Some thoughts had begun to slowly form as this demon thing sank further in—images, not to mention the folklore surrounding demons, brought with it some frightening memories from her Catholic school days. Images and tales she couldn’t believe she hadn’t given any thought to at the onset of this debacle. Casey well remembered the book about demons Sister Theresa Ignatius had on her desk. She’d peeked at the pictures when Sister Ignatius was with Father Hoolihan. She’d also had nightmares about those pictures for most of her elementary school days. Her stomach took a hard dive. “Demons are—are—well, they’re evil. They’re not exactly winning any Nobel Peace Prizes. . . .”

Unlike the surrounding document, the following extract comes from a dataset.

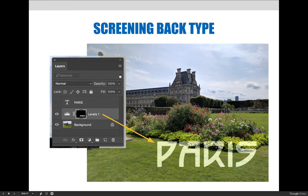You can see from this screenshot that a new layer mask was automatically created on my adjustment layer because I had an active selection when I created it. When I made the levels adjustment, it only applied to the active area of the layer mask, and I was able to lower the levels in just the area that says Paris.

He fingered the frame of a picture of her and Wanda on her dresser. “No. That’s true, but not all demons are in it for the sheer joy of destruction. Some are just mischievous, nothing more, nothing less. Some were tricked into choosing Hell as their eternal resting place. Some were too weak to deny themselves the remote chance the promise of eternal goodies really does exist in Hell, and they bailed due to fear of retribution from above for past indiscretions. The flip side of that coin is, some are most definitely evil, and you’ll have to learn to watch for the difference. Closely.”
“And that makes me which side of the coin?” If her performance thus far was any indication—she was on the downhill run to felonious acts.
“You weren’t pegged for Hell, and you weren’t coerced into making a deal with a demon. You certainly didn’t shun the light. This was an
accident
. I don’t know exactly where that leaves you. That’s what I hope to find out, but I can’t do it while we stand here.” His impatience with her pesky questions was clear. His “time’s a-wastin’ ” attitude irked her.